Yet in 2008, the unelected "charter" members of the Dartmouth board succeeded in increasing their numbers, and hence their proportion of total board seats.  The new board was no more diverse.  Of its 13 charter members, 9 were from finance, and one more was the CEO of a corporation with a major finance subsidiary.  (Look here.)  By 2009, the charter board members had succeeded in ousting a dissident alumni-elected member, labeling him a member of a "radical cabal," and rewriting a board loyalty oath apparently to discourage further dissent.  (Look here.)

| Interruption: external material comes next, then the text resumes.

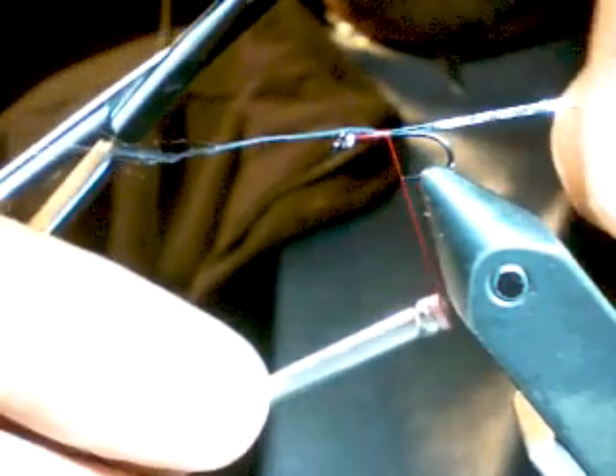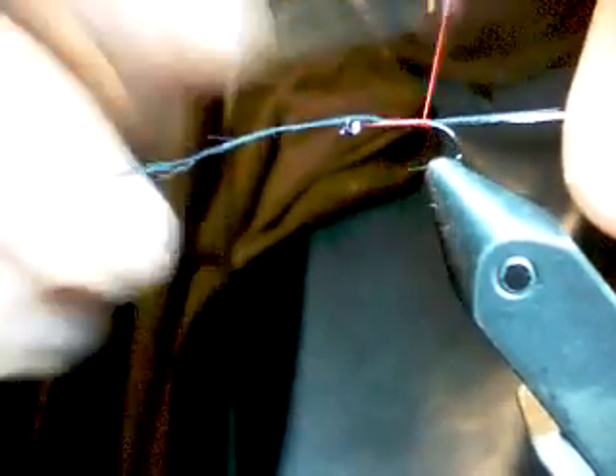Charlotte used to use Danville, but I tend to switch over pretty much to the UTC threads, and Wapsy. Just bind both of these materials down, nice and even with a 7-0 thread, down to the bar and back to the head. Having both materials taped and bound down just gives you a nice even body — cut them off both about the same length.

All this spoke to the increasing power of the culture of finance among members of the board.  Perhaps, though, there were reasons that the financial majority on the board wanted to suppress dissent other than to make themselves more comfortable with their own dominant culture,  In 2010, as the global financial crisis continued, "Educational Endowments and the Financial Crisis: Social Costs and Systemic Risks in the Shadow Banking System," published by the Center for Social Philanthropy, Tellus Institute, focused on how prominent educational institutions, including Dartmouth College, came to invest much of their endowments in risky, illiquid "alternative" investments, the sort provided by the "shadow banking system."  (See this post.)  The report noted extensive conflicts of interest on the Dartmouth board involving trustees who were also leaders of finance.  Their firms, it turned out, were managing a substantial fraction of the money in the college's endowment.  Half of the charter trustees were also being paid to manage the finances of the institution for whose stewardship they were responsible. 

Trustees of non-profit organizations are supposed to exhibit a duty of loyalty, that is, they "must give undivided allegiance when making decisions affecting the organization."  (For a summary of their duties, look here.)   In 2010, I noted, "letting a board member's firm manage millions of dollars worth of the institution's endowment portfolio seems an obvious violation of the duty of loyalty."  So, "these sorts of conflicts of interest may be another 'missing link' explaining why the leadership and governance of health care organizations has gone so far astray."  I then posited, "as disclosure continues, maybe enough outrage will ensue so that improved leadership and governance will become possible.

The Friends of Eleazar Wheelock Charge Corruption

Now there seems to be more outrage.  Last month, the dissident Dartblog broke the story of a letter sent in February, 2012 to the New Hampshire Attorney General by an anonymous group called the "Friends of Eleazar Wheelock."  (Wheelock was the founder of the college.)  To the the letter was appended a report that included an even more extensive list of conflicts of interest affecting Dartmouth trustees, the college's Finance Committee and Investment Committees, and their friends and relatives. 

The letter also added
The mismanagement extends beyond the investments and endowment. 1) Over a period of seven years The College engaged Lehman Brothers in six 'interest rate swaps' totaling $550 million dollars. The current value of these 'swaps' is now in excess of two hundred million dollars. That is what Dartmouth owes on these bets. These losses are not reported in the College’s financial statements. 2) The College’s 'cash' was invested in six hedge funds. Up to 40% of it was lost. Again, this was not reported. This comprises grant money for research, advances to faculty, and other working capital which should have been invested in the safest of money market instruments. 3) over 50% of the endowment is invested with Trustees, Investment Committee members, or their friends.
The report summary stated,
The pattern that the Dartmouth trustees and members of the Endowment/Investment committee have engaged in for decades is clear. That pattern is that a donor/investment manager’s pledge to support Dartmouth is reciprocated with an investment of ever increasing proportions in the donor’s firm, lending the credibility of an Ivy League institution to the firm. The investment returns are of little import; most of these alum/donor/investment manager returns are average to poor.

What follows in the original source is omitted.